CrossCountry was getting money from the National Endowment of the Arts and the Canada Council. Mouse Eggs wasn’t getting money from ANYBODY. Endre was mimeographing issues at John Abbott and I was mimeographing issues at McGill. These days they would probably say that we were stealing paper. But things were looser then.
Louis probably would have been offended if I asked him for poems for Mouse Eggs. We weren’t The Tamarack Review. We were maybe like First Statement, but without the John Sutherland editorials. There was no editor. There was no cohesive aesthetic. It was just meant to be fun. Poets having fun, as opposed to working on their careers. At that time none of us had a careerist bone in our bodies.
Q: Once the Vehicule Poets were formed as an informal group, what did that mean, exactly? Was this a way for the seven of you to distinguish yourselves from the other poets working in the city? Was it a marketing tool for readings? What did it mean to the group of you?
KN: In a way, the Vehicule Poets became aware of themselves by being denigrated by other folks in town who called them “those fucking Vehicule Poets.” And what they meant were those poets who were running the Press and the Reading Series down at the Gallery. And it was, “Oh, they must be talking about us.” And “Oh, they must be talking about the group of us.” And the “us” was the three of us who were editing books for the Press: Endre, Artie, and I. And the “us” was the folks who were running the Reading Series, which was Claudia, Endre, Artie, John, Stephen, and Tom. So when people are talking about “the fucking Vehicule Poets” that must be who they are talking about.
So that’s the way that we were aware of the fact that we were being talked about and being dismissed all together.
In late 1978, we called a meeting at Artie’s house to discuss whether we all wanted to appear in an anthology together. Everybody showed up. Everybody talked about it for a couple of hours. And we decided that we DID all want to appear in an anthology together. So we applied the label “The Vehicule Poets” to the anthology, and it was published by John’s Maker Press in 1979.

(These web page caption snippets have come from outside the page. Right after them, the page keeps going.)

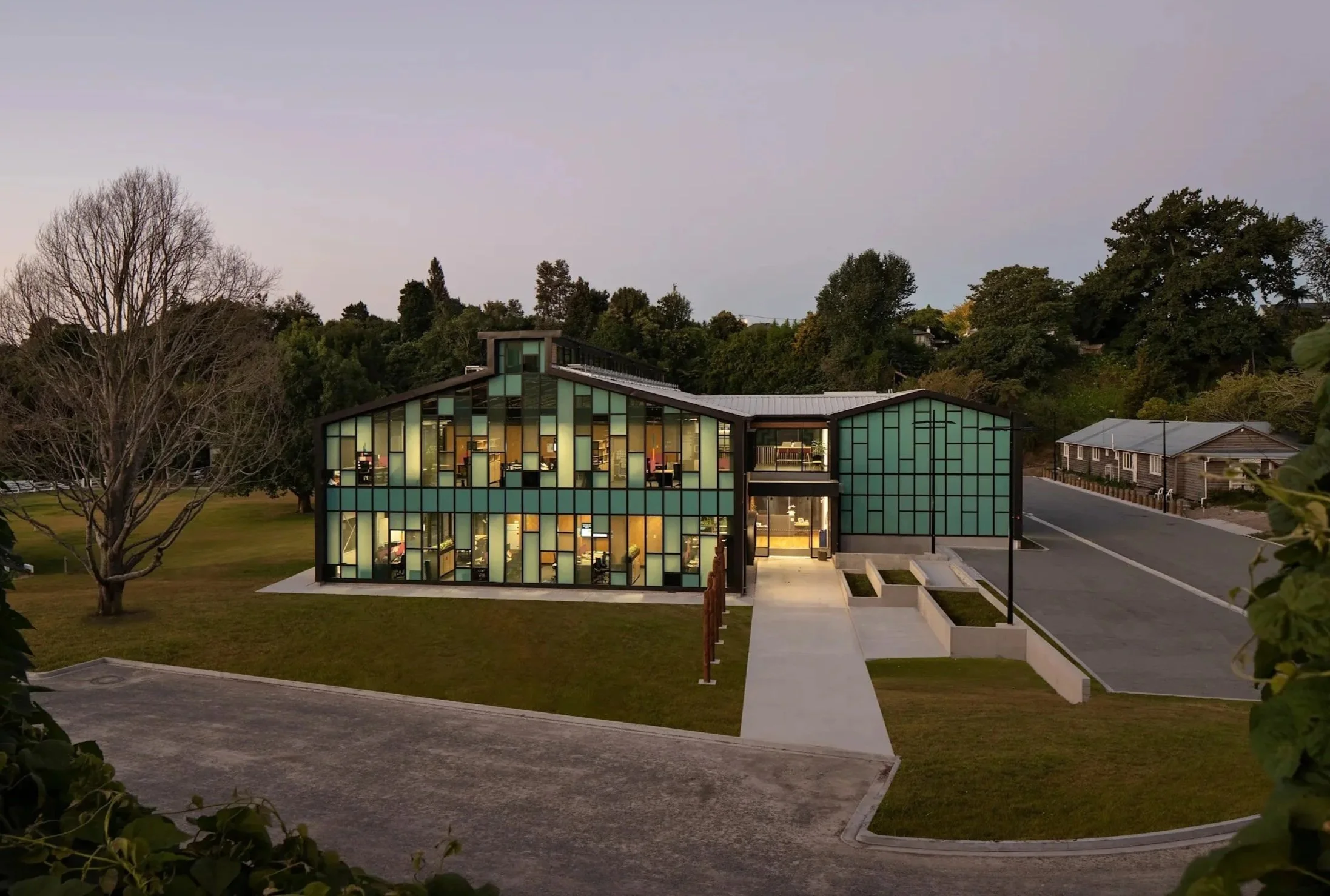 The Kollective, Tauranga. Modern glass building with illuminated interior, surrounded by trees and a paved driveway in the evening. Crowther & Company. Quantity surveyors and cost consultant specialists.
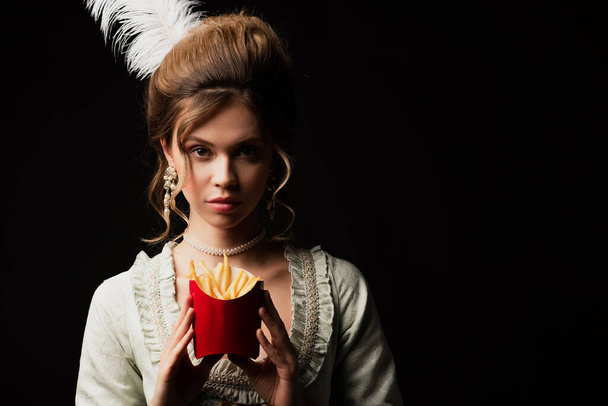 красивая женщина в стиле ретро смотрит в камеру, держа картошку фри изолированной на черном - Фото, изображение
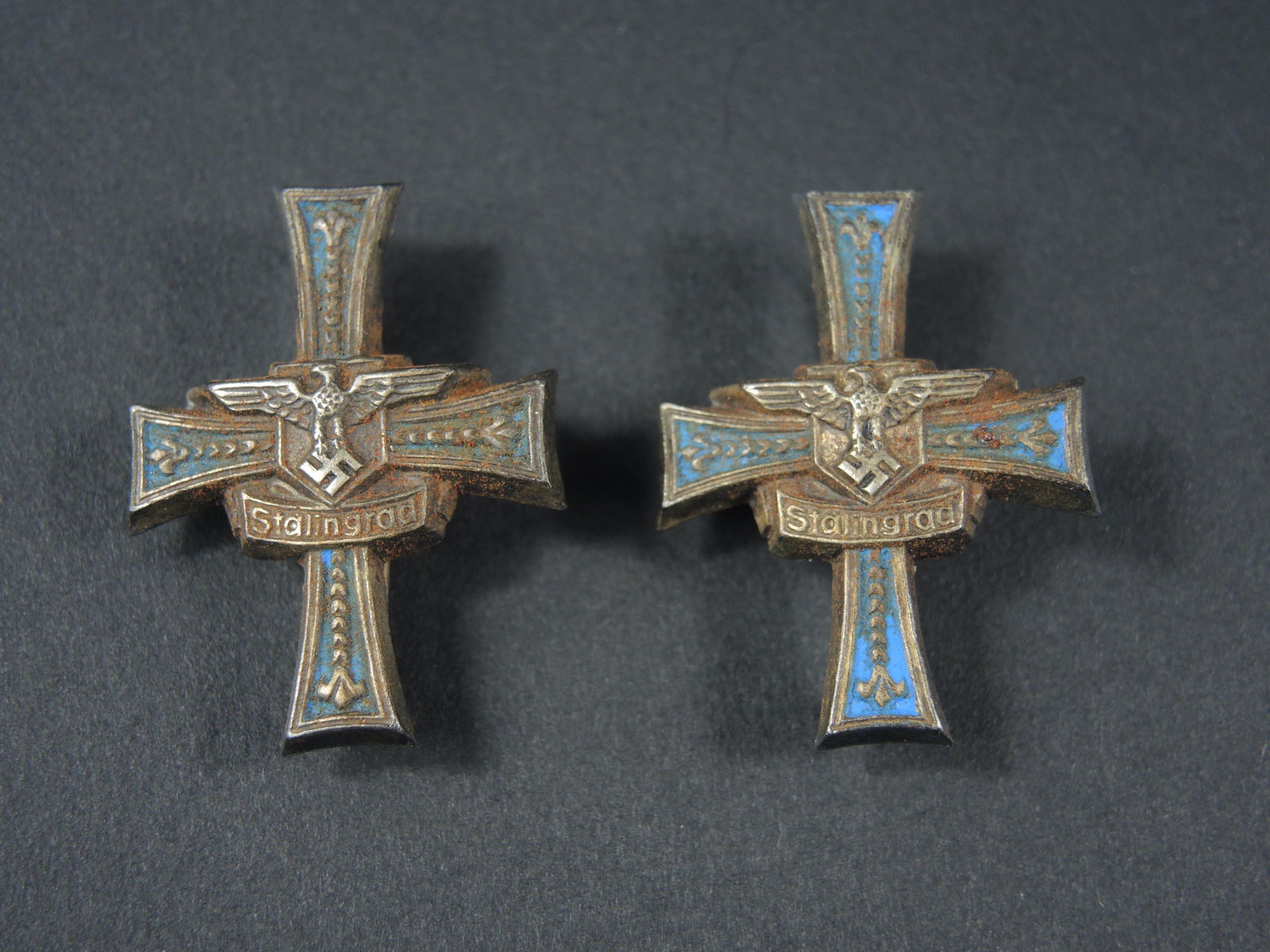 Insignes Stalingrad. Stalingrad Insignia.: Insignes de pattes d epaule Stalingrad. En metal. Paire homogene. Couleur bleue quasiment absente sur un insigne. Les attaches sont presentes. A noter une certaine usure et patine de la piece. Etat II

But Mouse Eggs started coming out in 1975, before we were ever officially “the Vehicule Poets.” We were just a bunch of friends doing a mimeographed magazine together.
Once we were a group, what it meant was that, when Artie died, and they ran his obituary in the Globe & Mail, they called him Artie Gold, Vehicule Poet.
You should read my poem “Montreal, 1975,” which is in South China Sea. I talk about what it was like for me to find the other six. I say that once we found one another we were “no longer alone / in the vast soup of being.”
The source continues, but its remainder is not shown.